Copy each line below exactly as it appears. Pictures are to be omitted.
[Information given — start]
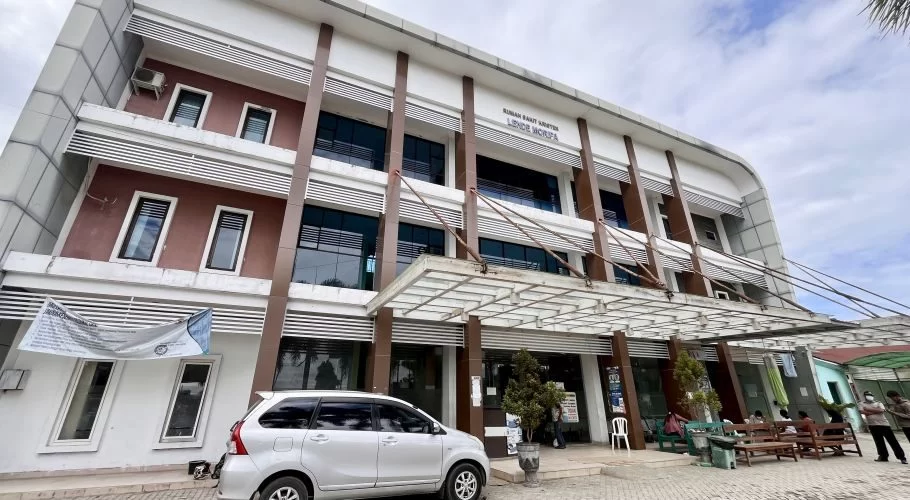 The modern Lende Moripa Hospital building in Waikabubak features white and brown facades, large dark windows, and an entrance canopy, with a silver car parked and people seated outside.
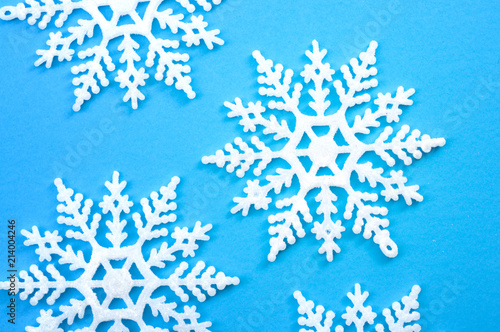 Merry christmas and happy holidays concept with close up on a bunch of white snowflakes isolated on minimalist blue background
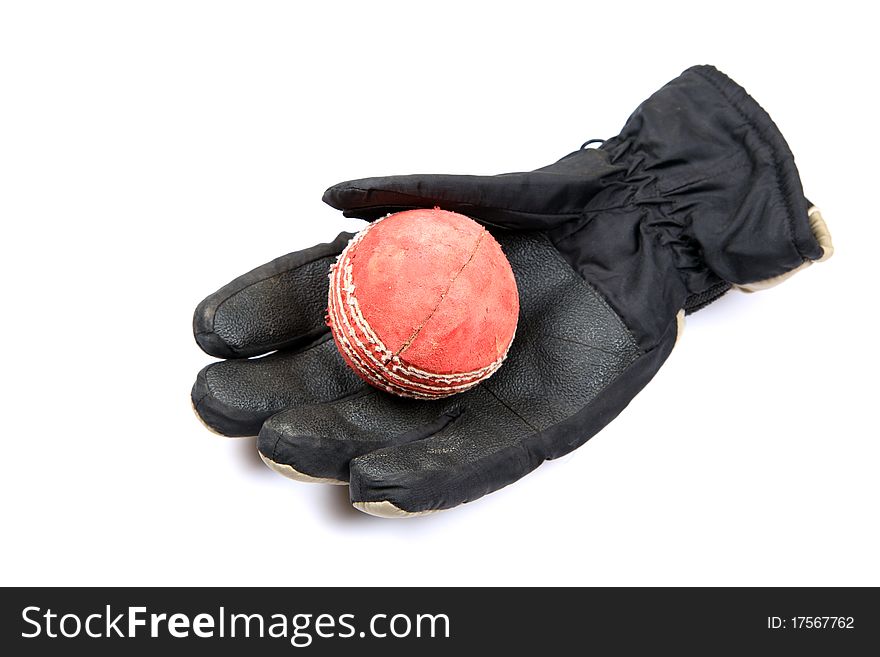 Leather cricket ball over leather glove isolated on white background. Leather cricket ball over leather glove isolated on white background.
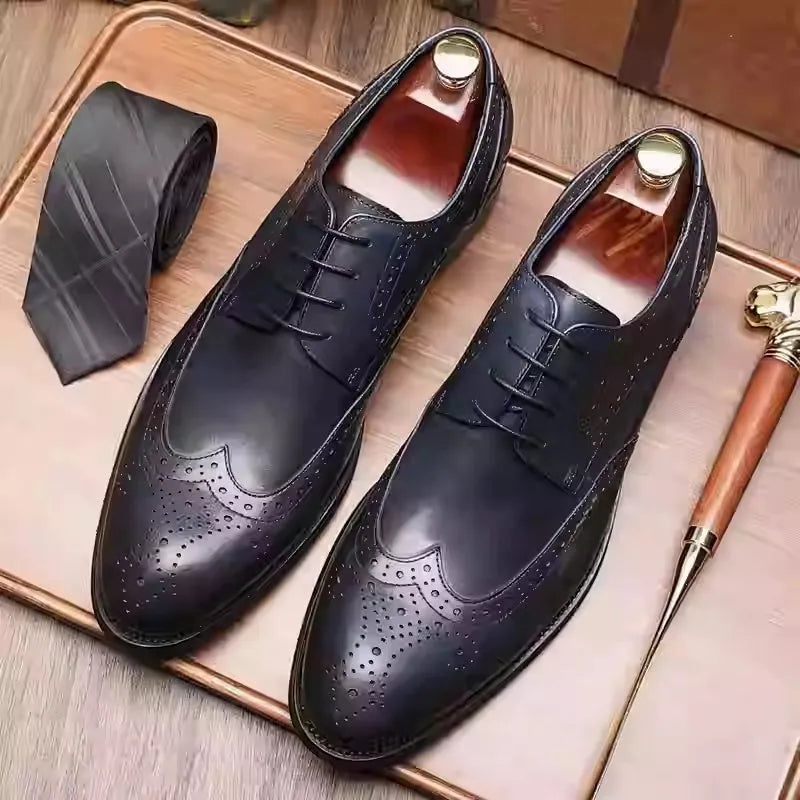 Men's burgundy leather brogue shoes with carved patterns, pointed toe, and low flat heel for formal occasions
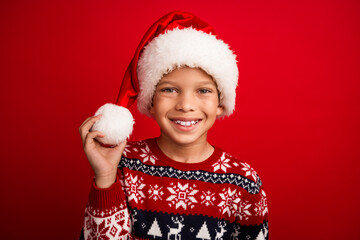 Poster - Photo portrait of charming small boy touch hold pompom celebrate christmas dressed knitted sweater isolated on red color background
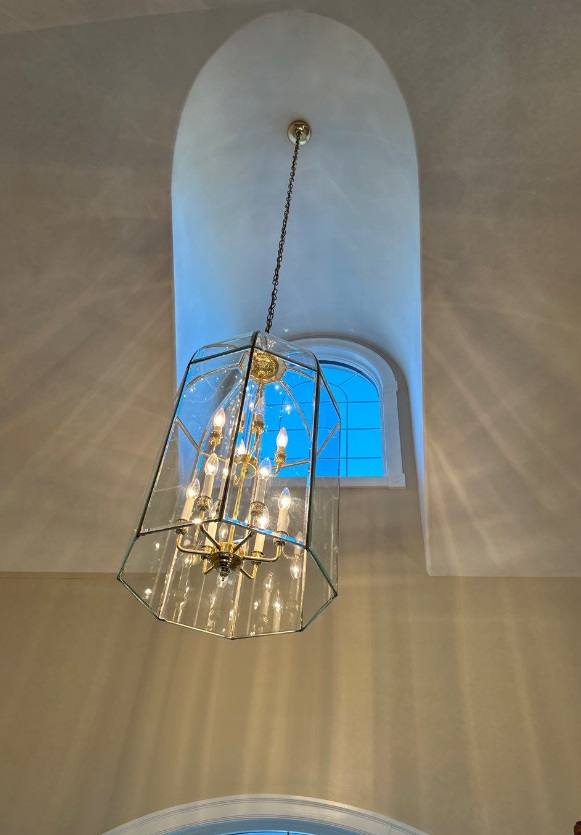 Glass chandelier hanging in a tall arched window alcove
[Information given — finish]
*Worked solution*.
 The modern Lende Moripa Hospital building in Waikabubak features white and brown facades, large dark windows, and an entrance canopy, with a silver car parked and people seated outside.
 Merry christmas and happy holidays concept with close up on a bunch of white snowflakes isolated on minimalist blue background
 Leather cricket ball over leather glove isolated on white background. Leather cricket ball over leather glove isolated on white background.
 Men's burgundy leather brogue shoes with carved patterns, pointed toe, and low flat heel for formal occasions
 Poster - Photo portrait of charming small boy touch hold pompom celebrate christmas dressed knitted sweater isolated on red color background
 Glass chandelier hanging in a tall arched window alcove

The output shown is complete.